The reason for the lack of widespread adoption of this technique would appear to be the belief that application of appropriate safeguards necessary to protect the rights of defendants in such a trial would be more time consuming than if separate trials were ordered. In addition, inherent in such a complicated procedure is the greatly enhanced possibility of error. It seems clear, therefore, that such procedure remains the rare exception rather than the rule.
We conclude that the multiple jury procedure utilized in the instant case can involve substantial risks of prejudice to a defendant’s right to a fair trial. . . . [T]here are too many opportunities for reversible error to take place. We do not recommend it. If it is to be used at all, it should be in relatively uncomplicated situations which will not require the excessive moving of juries in and out of the courtroom and where physical separation of the juries during the entire trial proceedings can be insured. In short, a trial court should carefully weigh the risks involved before attempting to utilize the multiple jury procedure.

Id. (citation omitted).

Notwithstanding these cases that strongly discourage the practice of dual juries, the majority cites the Seventh Circuit in the civil case of In Re High Fructose Corn Syrup Antitrust Litigation, 361 F.3d 439 (7th Cir., 2004), for the proposition that “a judge has inherent authority to impanel a dual jury.” I submit that this federal, antitrust case involving corn syrup is inapplicable to a criminal case in our state-court system and has no room in our state’s jurisprudence..

V. Conclusion

We should go beyond the rationale of the Supreme Court of New Jersey and hold that the dual-jury procedure is prohibited and is a violation of appellants’ jury-trial rights until and unless we adopt rules approving and regulating such a procedure. Here, the dual-jury procedure was thoroughly confusing at trial. The trial court, the prosecutor, and defense counsel repeatedly admitted on the record that they were confused about how to proceed. For these reasons, as well as the vastly different outcomes of appellants’ trial, I conclude that there was prejudice in this dual-jury procedure.

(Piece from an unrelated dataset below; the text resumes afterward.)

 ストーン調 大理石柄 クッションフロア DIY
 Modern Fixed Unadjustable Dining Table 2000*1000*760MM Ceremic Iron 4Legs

In my view, Arkansas should continue to disapprove of the dual-jury procedure because of the great potential for error. Accordingly, under a 4-3 (h) review, I recommend that we reverse and remand appellant Woolbright’s conviction and sentence as well as that of appellant Johnson, and that the new trials be severed in accordance with Rule 22.3.

I am authorized to state that Justice Corbin and Justice Hannah join in this dissent.